Much of Gone to See the River Man takes the shape of a journey and the reader is never too sure of what awaits at the final destination, with the ‘cosmic horror’ element the author refers to remaining elusive until into the final stages. This is one of those books that even after reading 80% or more, I did not have the faintest idea how it was going to end with the shrouding of some of the plot twists, including a few real shockers; truly outstanding. What is waiting at the end of the journey? There will be no spoilers from me, but the appearance of the elusive River Man is well worth the wait.
The story is built upon two split narratives around 25 years apart, the focus of both is Lori, who is just about to turn 40 in the present-day story. Lori has a rather morbid hobby, she writes to serial killers and has an impressive collection of letters from previous correspondences. When the story begins, she is on the way to prison to meet Edmund Cox. Lori is in love with Edmund, even though she knows he has tortured and killed many women, with a special fondness for those from the Far East. As the story unfolds, some of the letters, written by both Lori and Edmund, are dropped into the story. When the pair meet, Edmund gives Lori a mission, or a test, and this lies at the dark core of Gone to See the River Man.
Whilst Lori embarks her quest we also head back into her childhood to when she was around fifteen and the middle of three children. What happens in the past has a major part in what shapes the present and how Lori ends up in her current predicament, with both strands complementing each other perfectly. These teenage scenes are fascinating, once again the shrouding is superb, as everything moves into a shocking direction as the secrets are slowly, almost innocently, revealed by Lori. Her elder and more popular sister, Abby, is also dropped into the action with her younger brother Pete, both of which have crucial roles.
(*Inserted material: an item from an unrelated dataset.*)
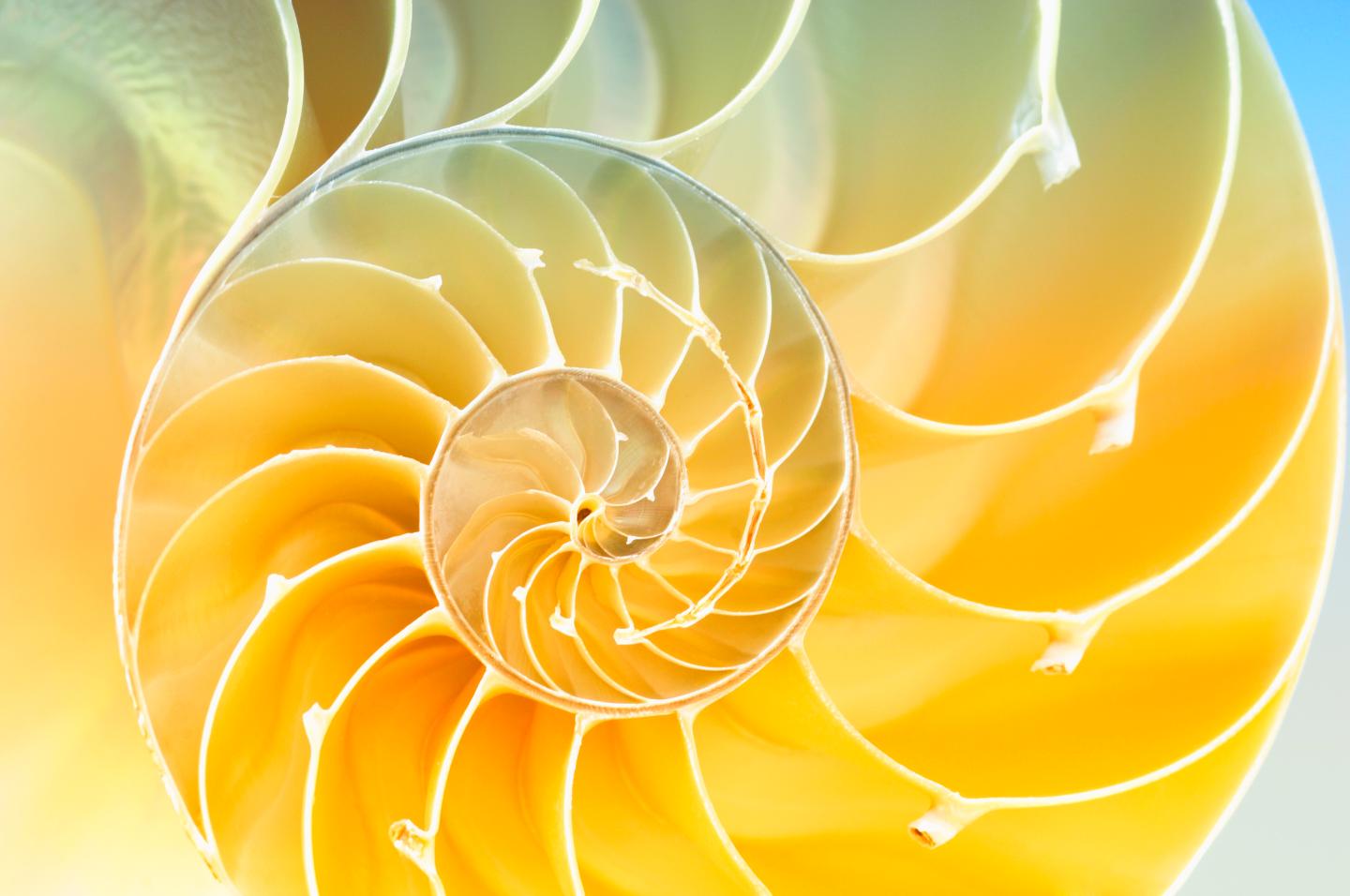 nautilus shell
The three-way sibling dynamics are so convincingly handled you’ll be looking for clues which might have sowed the seeds in shaping Lori into the woman who takes pleasure in sending dirty letters to serial killers.
Gone to See the River Man is mostly written in the third person from Lori’s point of view, but does occasionally jump to her sister Abby and back and forwards through the two time periods the story is set in. This is a deliberately jarring technique which keeps the reader on their toes with little being spoon-fed or telegraphed. Also, as Lori’s journey gets more dangerous, we begin to see how fractured her soul truly is and why. The ending is brutal, brilliant and totally unforgettable.
I rarely give 5/5 for reviews, but this is such an impressive piece of writing it will rank amongst the best of 2020. You’re unlikely to come across a better example of how to build dread over a relatively short page-count, with the split narratives both holding very different types of shocks and twists. You’re going to feel that you’re on the river with Lori, you might even get seasick, piggybacking upon her guilt in an exceptionally intense and bruising character study. At times you will almost certainly be forced to look away and I don’t blame you. Outstanding, a novel with genuine bite.